Montreal is Delirious for Denim

Keeping up with a fashion blog takes some work. I get a lot of emails of companies pitching me a new line or new product in hopes of getting the word out there. But what’s really striking is the fact that I get a concentration of emails from one camp in particular: denim.

I don’t know how many denim companies are out there, but I think there are way too many. Especially in Montreal, I don’t know what it is about this city, but they’re full of denim designers. How well these small companies do is hard to say, but it’s suffice to say that I am about up to here with denim overload.

I mean I love my jeans, I read somewhere that the average shopper owns at least 5 pairs of jeans, which isn’t too far from the truth to what I own. So I’m assuming because people own so many pairs of jeans that there’s a hot market for it and a huge demand. Premium denim costs a pretty penny and I think shoppers are getting confused and lost between the difference of premium and a regular pair.

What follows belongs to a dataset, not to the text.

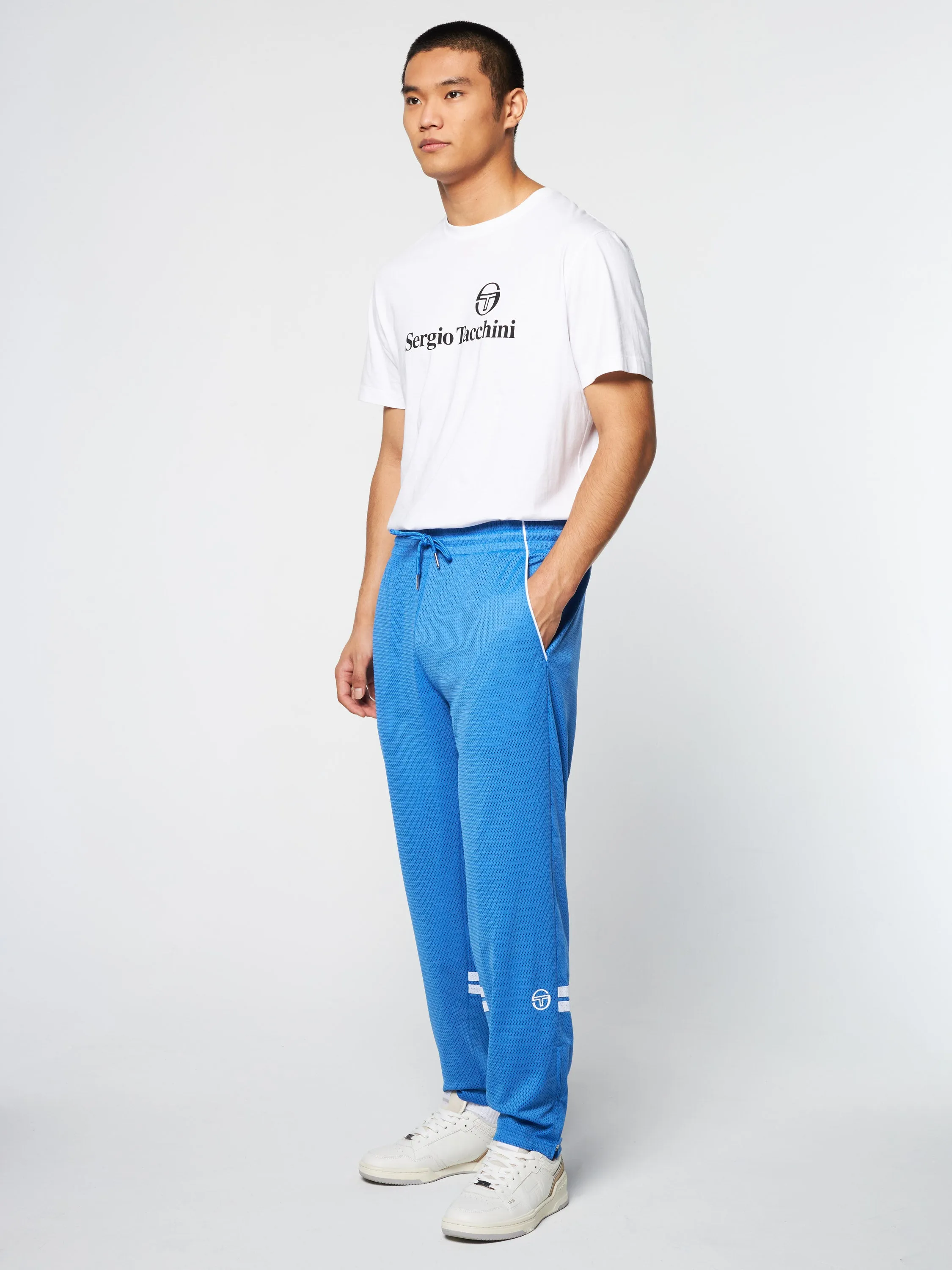 Spazio Dallas Track Pant- Palace Blue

I’m no denim expert, but from what I’ve learned, premium is the kind that will last you forever. The way jeans were originally meant to be. Denim was conceived to be durable, and so farmers and laborers wore this material as they worked. Then it made its way with cowboys in the 1930s and popularized into fashion after WWII. You can read more about the history of denim on Lifestyle Monitor’s 2007 issue at Cotton Inc.

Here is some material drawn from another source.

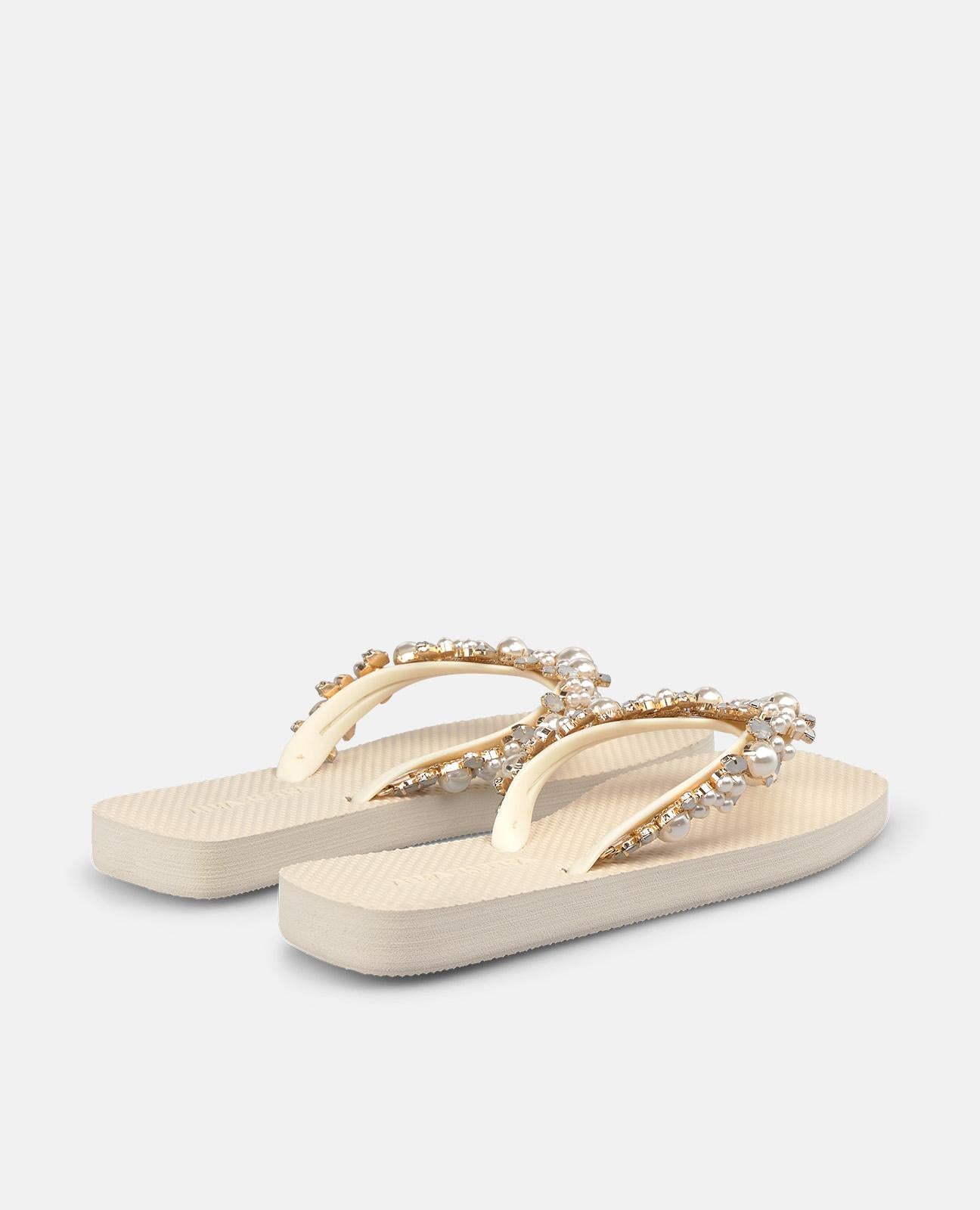 FLIP FLOP PEDRERÍA CLARA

With everyone jumping the bandwagon and attaching “premium” to high priced jeans, or with the recent green movement that everyone is saying that they’re using organic cotton,  there needs to be a simple certification system issued by the top guns in using organic fabric if you ask me. Like many things in fashion, education is essential if you don’t want to be duped, but it’s becoming increasingly complex. You’d really have to be a Denim Nerd to differentiate premium and fashion jeans. Something I personally can’t be bothered with. I equate jeans as practical winter wear, if they can survive the slushy cold streets of Montreal, they’re good in my book.